Ankara, through agreements with the Tripoli government demarcating shared maritime boundaries in November and then with parliamentary approval of Turkish troop deployment to Libya earlier this month, has expanded its diplomatic clout in the nine-year conflict and has positioned itself as a key broker in developments moving forward.
In recent months, Turkish officials have increasingly supported the UN-recognized Government of National Accord headed by Prime Minister Fayez al-Sarraj in Tripoli against an offensive launched in April 2019 by eastern Libya commander Khalifa Hifter.

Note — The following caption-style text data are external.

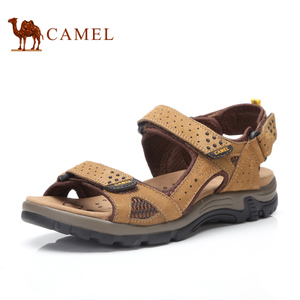 Camel/骆驼 262341015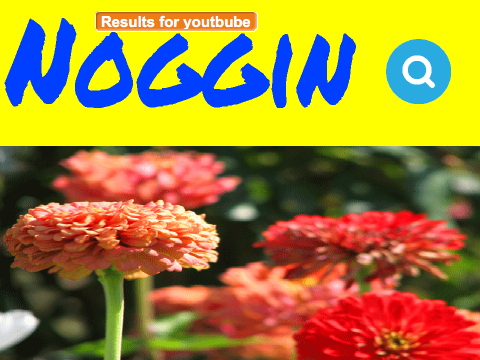 Noggin Search
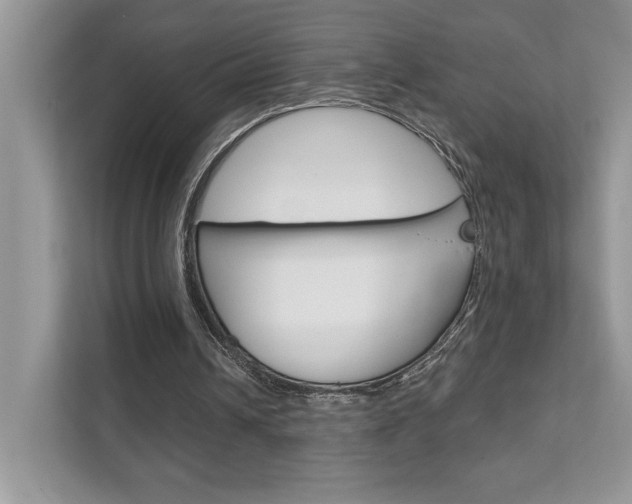 X0000111890242200907231453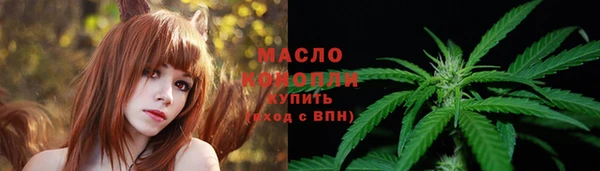 мдпв Богданович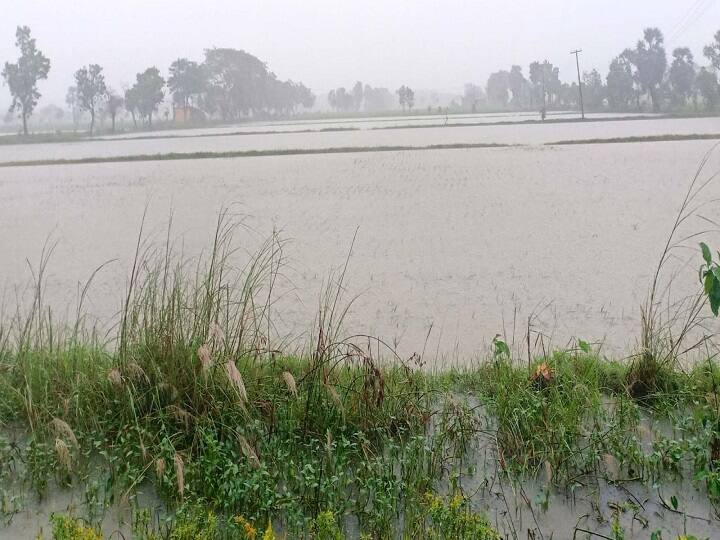 Continued heavy rains in Thiruvarur - Another 10,000 acres of paddy fields submerged திருவாரூரில் தொடர் கனமழை - மேலும் 10,000 ஏக்கர் நெற்பயிர்கள் நீரில் மூழ்கின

Sinem Adar, a research associate at the German Institute for International and Security Affairs in Berlin, said Ankara has multiple interests in its logistical and material backing of the Government of National Accord, including territorial and energy claims in the eastern Mediterranean, political alignments and economic incentives in the form of prewar Turkish debt.
Adar told Al-Monitor that the summit has helped Ankara buy further time to keep the Government of National Accord intact, adding, “One can perhaps argue that the summit for Ankara is a short-term gain, in this respect.”